Der im Juli 1941 geborene Kläger entrichtete seit April 1956 Pflichtbeiträge; seinem Versicherungsverlauf zufolge sind darüber hinaus Pflichtbeiträge für Kindererziehung anerkannt.
Im Dezember 1994 schloss er mit seinem Arbeitgeber, der I D I GmbH im Rahmen des vereinbarten gleitenden Ruhestandes einen befristeten Beratervertrag. Es wurde für die Zeit vom 01.01.1995 bis 30.06.1997 bei einer wöchentlichen Arbeitszeit von 38 Stunden ein monatlicher Bruttolohn von 9.290 DM vereinbart sowie im Übrigen für die Zeit ab 01.07.1997 (Folgemonat der Vollendung von 55 Jahren und 11 Monaten) bis zum Ende des Monats der Vollendung des 60. Lebensjahres eine Abfindung in Höhe von 106.881 DM garantiert. Ab dem 01.07.1997 meldete sich der Kläger arbeitslos und bezog bis Februar 2000 Arbeitslosengeld. Zuletzt vor der Rentenantragstellung war er arbeitslos gemeldet ohne Leistungsbezug.

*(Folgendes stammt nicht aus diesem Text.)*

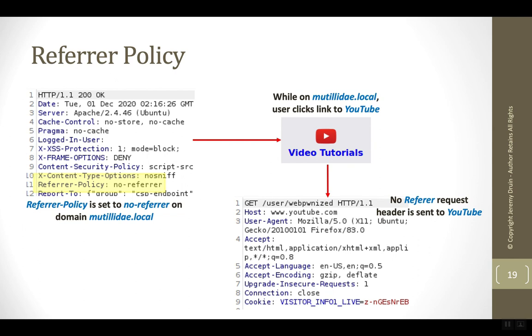Because what the referrer does is it tells the new site where the user came from. But since URLs can contain sensitive data in the parameters, this can leak sensitive information.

Auf seinen im April 2001 gestellten Antrag auf Gewährung von Altersrente wegen Arbeitslosigkeit und Vollendung des 60. Lebensjahres mit Rentenbeginn ab 01.08.2001, bewilligte die Beklagte durch Bescheid vom 28.06.2001 die beantragte Altersrente. Auf Grund der vorzeitigen Inanspruchnahme errechnete sie einen Zugangsfaktor von 0,835.
Mit seinem Widerspruch machte der Kläger geltend, er halte die Kürzung der Altersrente für verfassungswidrig. Durch das Rentenreformgesetz 1992, das im Zeitpunkt des Abschlusses seines Vorruhestandsvertrages gegolten habe, habe er einen besonderen Vertrauensschutz erlangt, der durch das Gesetz zur Umsetzung des Programms für mehr Wachstum und Beschäftigung in den Bereichen der Rentenversicherung und Arbeitsförderung (Wachstums- und Beschäftigungsförderungsgesetz -- WFG --) vom 25. September 1996 nicht rückwirkend habe beseitigt werden können.
Mit Widerspruchsbescheid vom 05.09.2001 wies die Beklagte den Widerspruch zurück. Vertrauensschutz könne der Kläger nicht beanspruchen, weil die Gesetzesänderung bereits vor dem Beginn der ihm gewährten Altersrente in Kraft getreten sei. Im Übrigen sei sie an Recht und Gesetz gebunden.
Seine Klage hat der Kläger im Wesentlichen damit begründet, dass die Kürzung seiner Altersrente gegen Art. 2, 3 und 14 des Grundgesetzes (GG) verstoße. Bei Abschluss des Aufhebungsvertrages im Dezember 1994 habe er auf die zu jener Zeit geltenden Regelungen des § 41 Abs. 1 -- 3 des Sechsten Buchs des Sozialgesetzbuchs (SGB VI) vertrauen und davon ausgehen können, dass ihm auf Grund der getroffenen Vereinbarungen eine Rente ohne Kürzung zustünde. Der Gesetzgeber habe in die geschaffene Vertrauensposition nicht mehr eingreifen dürfen. Die in seinem Fall eingetretene Rentenminderung um 16,5 v.H. sei unzumutbar und unverhältnismäßig.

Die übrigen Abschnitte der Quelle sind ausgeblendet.